With these two data, we can recalculate their λ. We can see that the difference in their adjusted Elo index is already quite large, so the final Poisson distribution will also be significantly different.

Figure 4-Poisson distribution for Argentina (left) Saudi Arabia (right) at the group stage after adjustment

Ah! That’s more like it! So from the probability distribution, we can see that the most likely score for this game should be Argentina 2:0 Saudi Arabia. Moreover, the probability of Saudi Arabia getting 0 points is about 75%, and the probability of getting 2 points is less than 5%. Therefore, we can only say that probability calculation is just probability and cannot determine the outcome of a game!

Section 4 Conclusion

Finally, we can briefly introduce how to predict the score of a match using the above method:

1. Find the Elo index of both sides.

2. Obtain the relative Elo index by using the adjustment formula.

3. Substitute to obtain λ and draw a Poisson distribution graph.

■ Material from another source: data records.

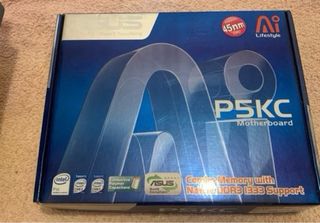 Placa base P5KC motherboard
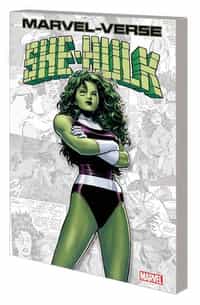 Marvel-verse TP She-hulk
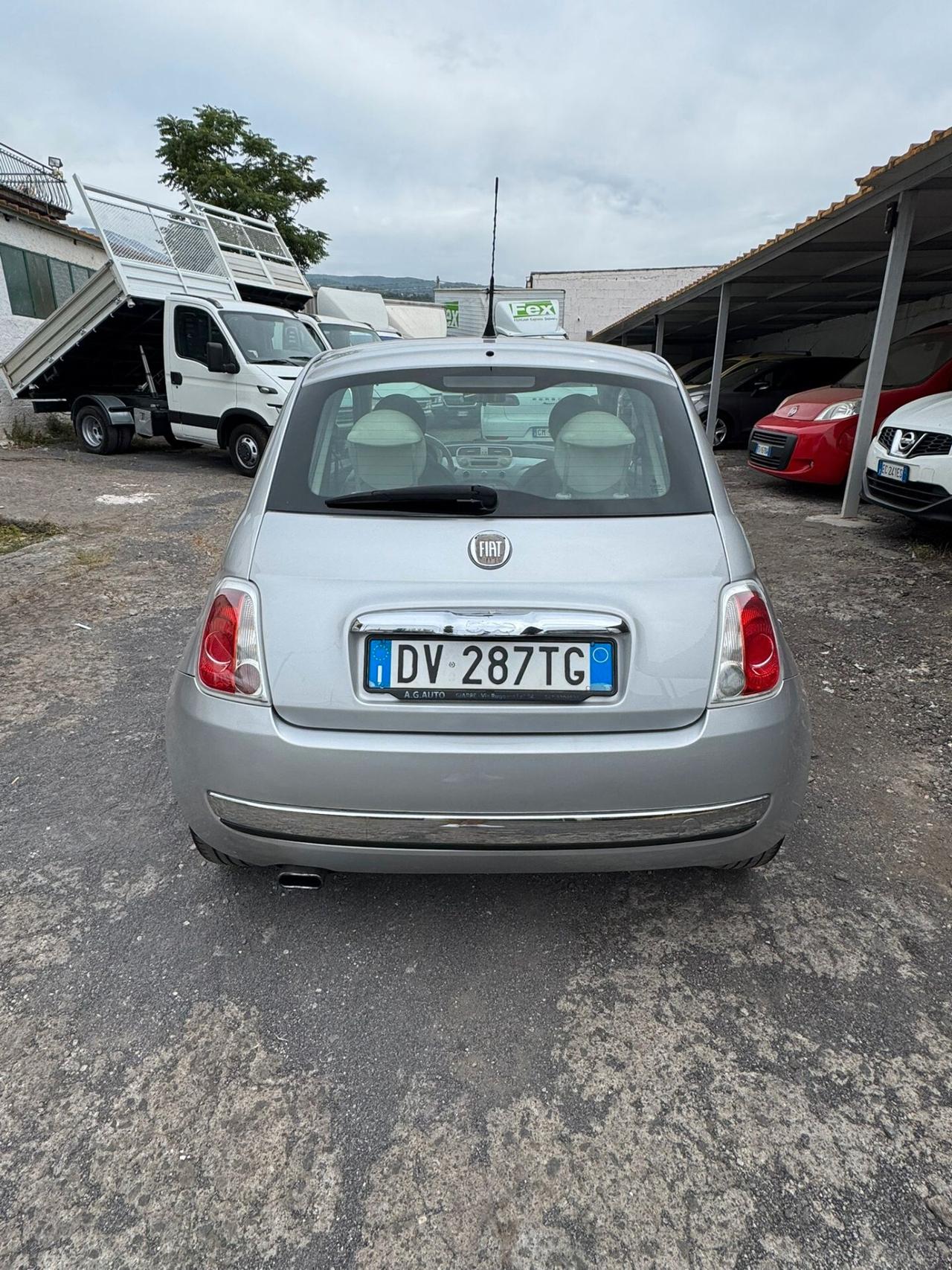 Fiat 500 1.3 Multijet 16V 75 CV by DIESEL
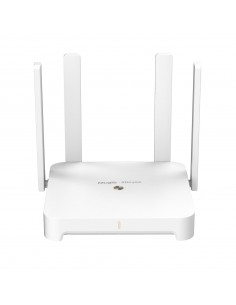 Ruijie Networks RG-EW1800GX PRO router inalámbrico Gigabit Ethernet Doble banda (2,4 GHz   5 GHz) Blanco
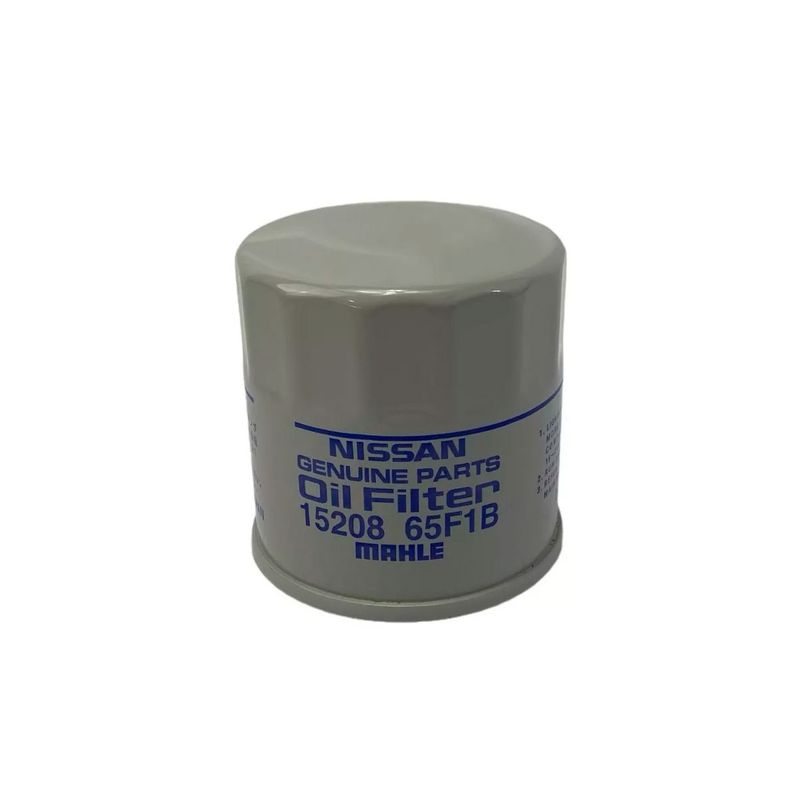 NISSAN - Filtro De Aceite Nissan New X-trail T33 Original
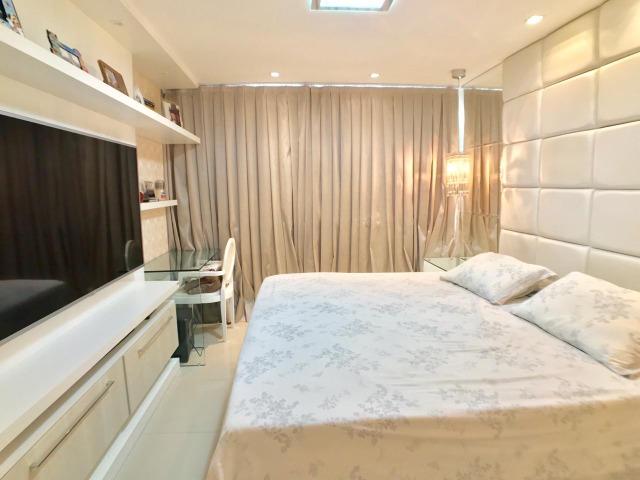 Apartamento em Messejana no San Gabriel andar alto, todo projetado - Foto 12
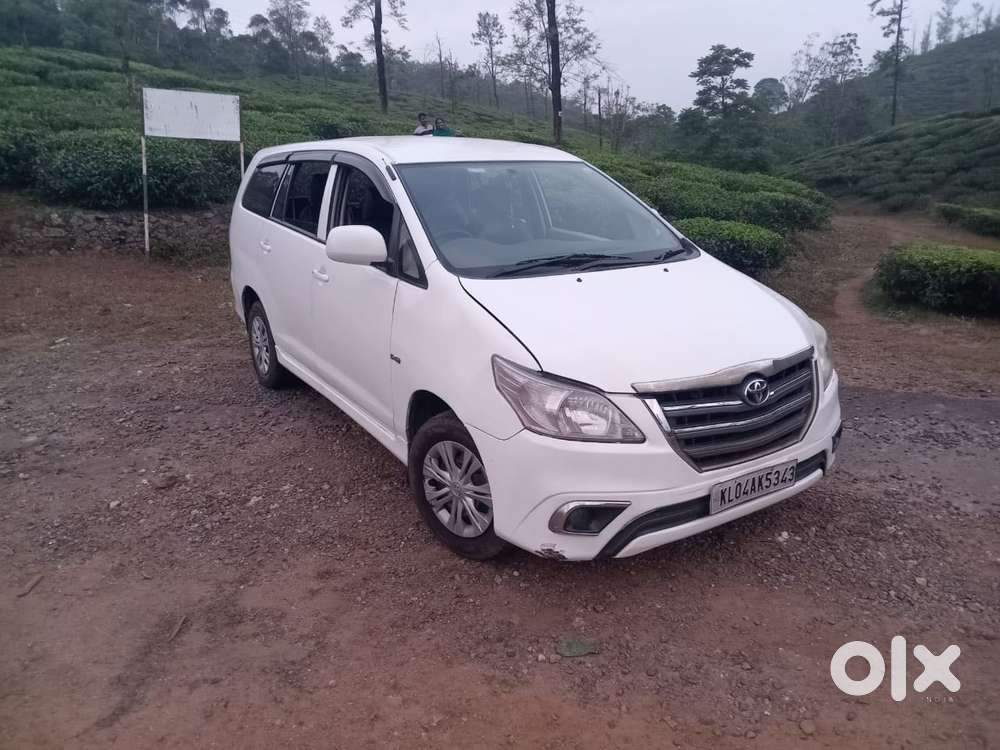 Toyota Innova 2.5 G1 Bs Iv, 2006, Diesel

4. You can see the scoring probability of each team.

Of course, the above method only considers the relative ability of the teams and does not take into account situational factors such as tactics. Therefore, gambling has risks, and sometimes just feel it!

PS: This article does not discriminate against any team or insult any team. Thank you for reading!

Reference

1. Chater, M., Arrondel, L., Gayant, J. P., & Laslier, J. F. (2021). Fixing match-fixing: Optimal schedules to promote competitiveness. European Journal of Operational Research, 294(2), 673-683.

2. World Football Elo Ratings: 2022 World Cup. https://www.eloratings.net/2022_World_Cup.